X, Y and Z in that order throws a tetrahedral die the first throws a 4 wins. The game continues indefinitely until someone wins. Find the probability that X wins, Y wins and Z wins.
outcomes: the last letter is a winner, Prob of each is found:
X = 1/4 = (1/4)
XY = (3/4)(1/4) = (1/4)3/4)
XYZ =(3/4)(3/4)(1/4) = (1/4)(3/4)^2
XYZX = (3/4)(3/4)(3/4)(1/4) = (1/4)(3/4)^3
XYZXY = ...
XYZXYZ = ..
XYZXYZX = (1/4)(3/4)^6
Prob that X wins
= (1/4) + (1/4)(3/4)^3 + (1/4)(3/4)^6
this is a GP with a = 1/4 , r = (3/4)^3
sum to infinity = a/(1-r)
= (1/4) / (1- 27/64)
= (1/4) / (37/64)
= (1/4)(64/37)
= 16/37
prob that Y wins
.....
follow my steps
To find the probability that X, Y, or Z wins the game, we can use the concept of geometric probability.
Let's start by finding the probability that X wins. X wins on the first throw by rolling a 4. The probability of rolling a 4 on a tetrahedral die is 1/4. Therefore, the probability that X wins on the first throw is 1/4.

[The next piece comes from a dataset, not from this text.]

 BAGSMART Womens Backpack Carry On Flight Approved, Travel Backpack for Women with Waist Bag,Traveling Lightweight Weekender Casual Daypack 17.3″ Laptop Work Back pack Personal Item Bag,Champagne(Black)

If X doesn't win on the first throw, the game continues to the next player, Y. Now, for Y to win, X must not win, and Y must roll a 4 on their first throw. The probability that X doesn't win on the first throw is 3/4 (since there are three other numbers on the die). The probability of rolling a 4 on a tetrahedral die is still 1/4. Therefore, the probability that Y wins on their first throw is (3/4) * (1/4) = 3/16.
If neither X nor Y win on their first throws, the game moves to Z. Similar to before, for Z to win, X and Y must not win, and Z must roll a 4 on their first throw. The probability that neither X nor Y win on their first throws is (3/4) * (3/4) = 9/16. The probability of rolling a 4 on a tetrahedral die is still 1/4. Therefore, the probability that Z wins on their first throw is (9/16) * (1/4) = 9/64.
We can continue this pattern indefinitely to find the probabilities of X, Y, and Z winning on subsequent throws. The probabilities form a geometric sequence, where each term is obtained by multiplying the previous term by (3/4) * (3/4).
The probability that X wins can be calculated as follows:
P(X wins) = (1/4) + (3/4) * (3/4)^2 + (3/4) * (3/4)^4 + (3/4) * (3/4)^6 + ...
The probability that Y wins can be calculated similarly:
P(Y wins) = (3/4) * (1/4) + (3/4) * (3/4)^3 + (3/4) * (3/4)^5 + (3/4) * (3/4)^7 + ...
The probability that Z wins can be calculated as follows:
P(Z wins) = (9/16) * (1/4) + (9/16) * (3/4)^2 + (9/16) * (3/4)^4 + (9/16) * (3/4)^6 + ...
Note that the sum of all these probabilities should be equal to 1 since the game will eventually be won by one of the players (either X, Y, or Z).
To calculate the exact probabilities, you can use a calculator or write a program to compute the infinite geometric series.